En effet, la construction de nouveaux réacteurs est un marché incertain et limité - quelques dizaines pour les plus optimistes - et soumis à une concurrence féroce. On ne peut raisonnablement pas se féliciter de transférer les compétences en la matière à des pays comme la Chine et considérer qu’ils vont continuer à faire fabriquer leurs réacteurs en France...

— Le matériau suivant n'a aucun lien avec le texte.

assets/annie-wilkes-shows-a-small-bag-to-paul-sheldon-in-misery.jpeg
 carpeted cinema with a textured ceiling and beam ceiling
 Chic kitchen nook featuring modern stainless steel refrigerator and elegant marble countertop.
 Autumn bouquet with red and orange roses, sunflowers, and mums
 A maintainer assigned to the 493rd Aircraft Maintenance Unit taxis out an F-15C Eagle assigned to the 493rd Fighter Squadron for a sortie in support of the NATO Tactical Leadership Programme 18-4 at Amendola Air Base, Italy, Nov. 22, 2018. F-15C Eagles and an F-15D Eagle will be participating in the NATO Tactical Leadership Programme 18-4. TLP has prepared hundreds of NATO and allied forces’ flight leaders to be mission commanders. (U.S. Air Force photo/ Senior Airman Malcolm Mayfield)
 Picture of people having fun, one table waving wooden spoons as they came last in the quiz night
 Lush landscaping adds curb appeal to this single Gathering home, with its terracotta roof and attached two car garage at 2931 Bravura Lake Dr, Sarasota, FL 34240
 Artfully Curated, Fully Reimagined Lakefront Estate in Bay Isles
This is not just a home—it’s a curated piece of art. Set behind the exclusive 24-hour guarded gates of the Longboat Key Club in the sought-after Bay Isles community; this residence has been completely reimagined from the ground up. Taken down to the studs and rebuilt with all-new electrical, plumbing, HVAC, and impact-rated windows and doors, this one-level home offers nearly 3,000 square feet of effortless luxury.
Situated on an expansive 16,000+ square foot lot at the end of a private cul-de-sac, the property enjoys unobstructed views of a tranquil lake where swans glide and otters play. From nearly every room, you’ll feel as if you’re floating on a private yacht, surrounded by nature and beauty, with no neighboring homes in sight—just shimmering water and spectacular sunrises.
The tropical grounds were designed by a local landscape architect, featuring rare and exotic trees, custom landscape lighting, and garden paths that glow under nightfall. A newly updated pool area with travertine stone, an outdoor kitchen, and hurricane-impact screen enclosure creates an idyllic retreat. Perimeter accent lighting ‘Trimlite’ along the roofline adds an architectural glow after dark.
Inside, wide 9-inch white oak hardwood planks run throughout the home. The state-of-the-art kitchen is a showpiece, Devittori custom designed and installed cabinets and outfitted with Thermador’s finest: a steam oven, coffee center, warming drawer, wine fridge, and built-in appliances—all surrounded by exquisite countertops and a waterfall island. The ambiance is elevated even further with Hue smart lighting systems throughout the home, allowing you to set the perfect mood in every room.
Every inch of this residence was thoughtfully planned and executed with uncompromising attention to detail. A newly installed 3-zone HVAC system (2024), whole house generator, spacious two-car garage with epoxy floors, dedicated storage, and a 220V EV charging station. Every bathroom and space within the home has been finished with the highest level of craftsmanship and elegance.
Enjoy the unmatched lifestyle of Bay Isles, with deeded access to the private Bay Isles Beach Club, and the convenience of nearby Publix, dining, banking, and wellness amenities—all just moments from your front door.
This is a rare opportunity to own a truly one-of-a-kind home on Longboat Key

Au niveau mondial, il est par contre certain que plus de 400 réacteurs devront être démantelés dans les décennies à venir. Puisque la France pense avoir une vocation de leadership nucléaire planétaire et considère son territoire comme une vitrine à l’exportation, elle dispose, avec son parc sans équivalent de réacteurs variés et de sites très contaminés comme Marcoule, d’un base idéale pour mettre au point une compétence qui reste encore largement à construire.
En effet, au vu des expériences de Superphénix et de Brennilis on ne peut que constater que de nombreux progrès restent à faire : ingénierie, radioprotection, physique des matériaux, gestion de chantier... C’est bien un savoir faire complet qui reste à développer. Les entreprises françaises de la filière, les centres de recherche et de formation en mal de chercheurs et d’élèves sont de loin les mieux placés pour mobiliser leurs compétences vers ces nouveaux horizons et démontrer aux citoyen(ne)s que l’héritage nucléaire sera géré.
Une occasion ratée de sortir du bourbier
Avec une telle orientation, la mission Roussely aurait eu l’opportunité de permettre à la filière nucléaire de sortir de son aveuglement et de devenir réellement une filière industrielle d’avenir. Hélas, il ne fait guère de doute que le fameux rapport se contente de proposer une réorganisation des multinationales françaises du nucléaire pour enfin remporter de chimériques marchés de réacteurs dans le monde plutôt qu’une remise à plat complète de la filière avec analyse objective de la situation et des moyens de sortir du bourbier. Encore une occasion ratée... L’avenir du nucléaire est trop important pour être laissé aux seuls nucléocrates !
Denis Baupin, maire-adjoint de Paris et membre de l’exécutif des Verts
Hélène Gassin, Vice-Présidente Europe Ecologie du conseil régional d’Ile-de-France
Bernard Laponche, expert indépendant.